2. Which exit clause will be approved?
There are currently five different exit clause petitions that will come before GC2019 - Brooks (Petition 90051), Tull (Petition 90056), Ottjes (Petition 90058), Boyette (Petition 90059), and Taylor (Petition 90066). That body will have the responsibility of amending and refining as many of those as they want, but they are likely to pass only one. To do more would seem redundant. Good News has indicated support of three of the five (Ottjes, Boyette, and Taylor), though it has suggested amendments to two of them (Ottjes and Taylor). The other two exit plans may also find support from different quarters.
Yet the five different plans come with different terms for exiting, which may be further amended during discussion. Key differences include the following: How broad is the exit - must an exit be tied directly to the debate over gay marriage and ordination? How long will the exit window be open? What size majority within a local church must vote for exit? Will district superintendents, bishops, annual conferences, or others outside the local church have a role in approving exit? By what calculation will exiting churches pay for their unfunded pension liabilities? Will denominational reserve funds be used to underwrite exiting churches' unfunded pension liabilities?

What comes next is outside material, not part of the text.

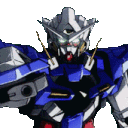 aedgy_gundamaim
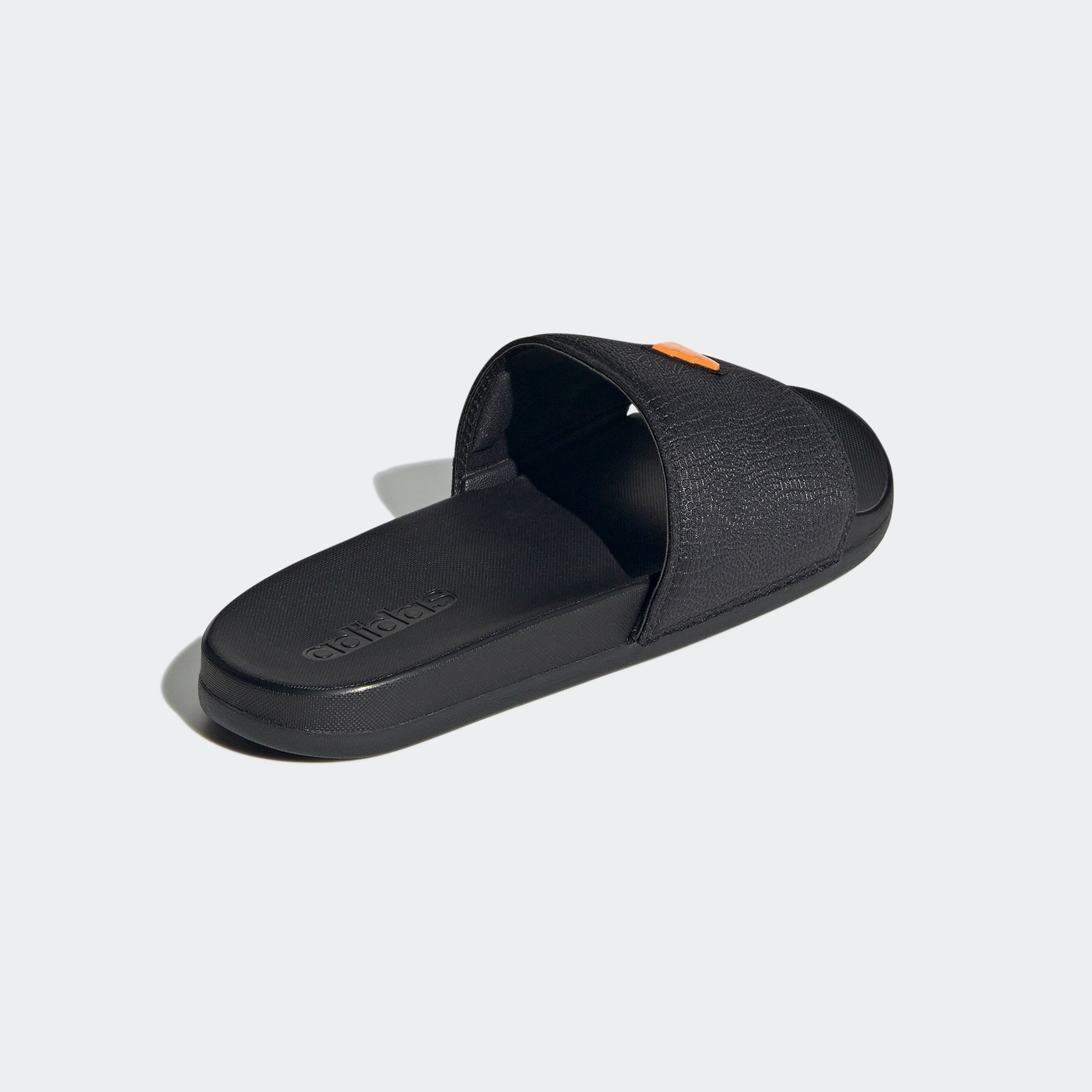 adidas Sportswear Badslippers COMFORT ADILETTE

Will exiting churches be required to pay back apportionments or even a year or two of future apportionments? A post next week will run down how the five current petitions address these and other areas.
3. What will the denomination look like after churches take the exit clause?
If an exit only plan is indeed all that is passed by GC2019, who will take that exit? While the conventional wisdom would say, "traditionalists," the question still remains how many. Moreover, will others also take the exit? Are there progressives who would like to leave as well? Are there other congregations who would like to shed their denominational ties for reasons that are not directly tied to debates over sexuality? Would any churches in the central conferences use the opportunity to exit the denomination - either because of issues related to sexuality or because of unrelated power struggles among local leaders?
When the dust settles, how many people will be left within The United Methodist Church, where will they be located, and what will their theological and spiritual inclinations be? And how much money will they continue to give toward connectional ministries through the apportionment system? The GCFA board has already recommended a 23% reduction in US apportionments for the 2021-2024 quadrennium. If substantial number of American United Methodists leave the church, this will have further deleterious effects on general agencies and other connectional ministries.
My point here is not that an exit only situation would necessarily be good or bad. I pray that God lead the church and GC2019 in their decision-making. I know that whatever decisions are made, some change will come, and change always has both good and bad aspects to it.
I do, however, think that it would behoove GC delegates and other leaders to begin thinking about what an "exit only" scenario would look like and what it would mean for the church, rather than focusing all their attention on the other plans. The more prayerful time and reflection that goes into an "exit only" plan, the better it will be, if that is indeed what comes to pass.